--- Data extract Enclosed Below ---
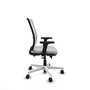 PIQUERAS Y CRESPO Silla de oficina Haches Blanco con mecanismo Sincro/Traslack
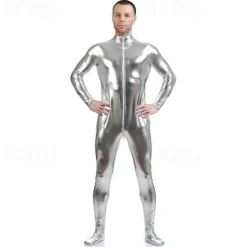 Shiny Zentai Suits Cosplay Costume Skin Suit Carnival Costume Full Body Suit Men's Women's Sex Sexy Costume Solid Colored Spandex Latex Costume for Halloween Adults'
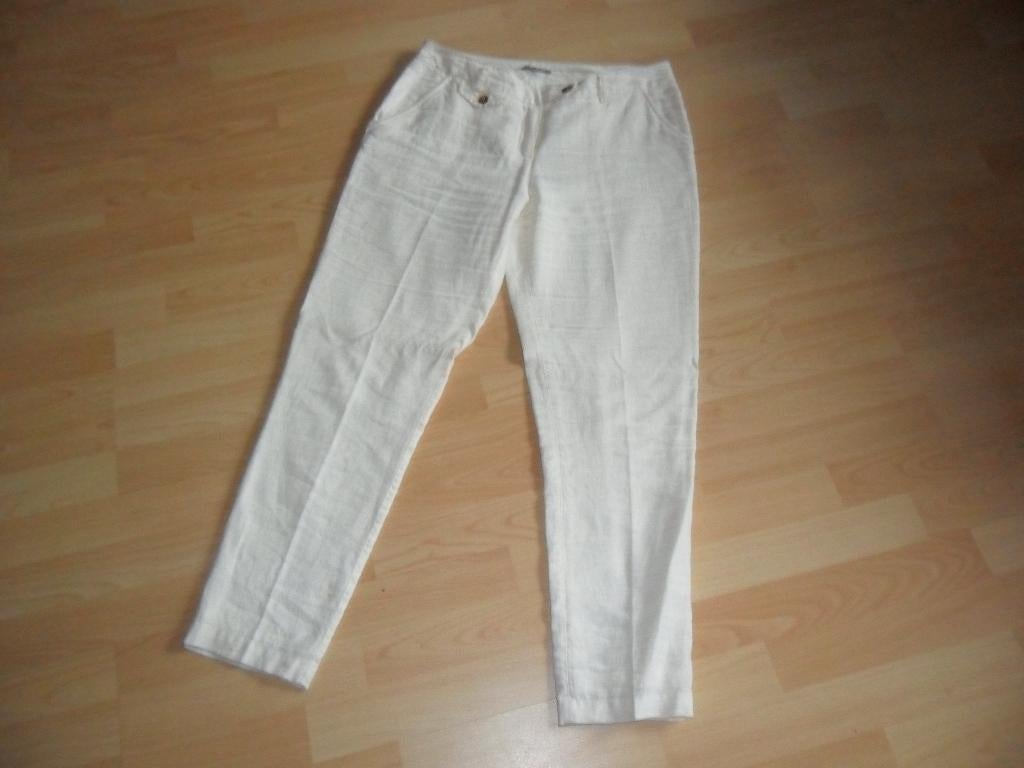 NIEUW STEL THE BARN BROEK EN COLBERTJE/JASJE PAK NIEUW, Kostuum of Pak, Beige, Maat 42/44 (L), Nieuw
--- End of Enclosed Data extract ---
All of the listing above has to be reproduced exactly, though without its images.

 PIQUERAS Y CRESPO Silla de oficina Haches Blanco con mecanismo Sincro/Traslack
 Shiny Zentai Suits Cosplay Costume Skin Suit Carnival Costume Full Body Suit Men's Women's Sex Sexy Costume Solid Colored Spandex Latex Costume for Halloween Adults'
 NIEUW STEL THE BARN BROEK EN COLBERTJE/JASJE PAK NIEUW, Kostuum of Pak, Beige, Maat 42/44 (L), Nieuw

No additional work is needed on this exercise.